From France, “L’ Alliance pour la Planete” (“Alliance for the Earth”), an association of environmental and social justice groups has a simple message for everyone; sacrifice 5 minutes for the planet. You’re asked to join others switch off all electrical appliances between 19:55 and 20:00 CET on Thursday the 1st of February. It’s not just about saving 5 minutes’ worth of electricity, but a symbolic gesture to draw attention to our vast consumption of energy and the urgent need to reduce, reuse and recycle.
You can sacrifice 5 minutes for the benefit of the planet, right? It won’t cost you anything.
Why the 1st of February you ask? Well, the following day, on Friday the 2nd, the Intergovernmental Panel on Climate Change (IPCC) is due to release what is expected will be the strongest and most grave assessment to date of global warming by the world’s experts. It is only Part 1 of a three-part series of reports that the panel is compiling, with Part 1 describing “The Physical Science Basis” of global warming.
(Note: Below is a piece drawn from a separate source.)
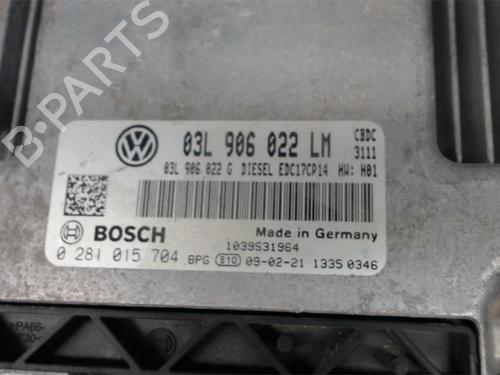 Engine control unit (ECU) VW GOLF PLUS V (5M1, 521) 2.0 TDI | BP24955419M57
This proposed “lights off” action is an opportunity for you to say “I care”. If we all take part, we will put a clear message out to the media and send another stern message to politicians.
The Environmental Safety Group is supporting this action and asks that you do too by forwarding this message on to as many of your contacts as possible… oh, and by switching off on Thursday at 19:55 !
When you switch back on at 20:00, why not tune in to GBC tv for a Viewpoint discussion of Climate Change and the Environment, in which ESG’s Janet Howitt will be participating.
If you need convincing of the urgency of the climate change situation, then read on for some of the fire-and-brimstone facts from Part 2 of the IPCC’s reports “Impacts, Adaptation and Vulnerability”, leaked to Reuters:
· Rising temperatures will leave millions more people hungry by 2080 and cause critical water shortages in China and Australia, as well as parts of Europe and the United States. …
· By the end of the century, climate change will bring water scarcity to between 1.1 and 3.2 billion people as temperatures rise by 2 to 3 Celsius (3..6 to 4.8 Fahrenheit), a leaked draft of an Intergovernmental Panel on Climate Change (IPCC) report said.
· The report, due for release in April … said an additional 200 million to 600 million people across the world would face food shortages in another 70 years, while coastal flooding would hit another 7 million homes.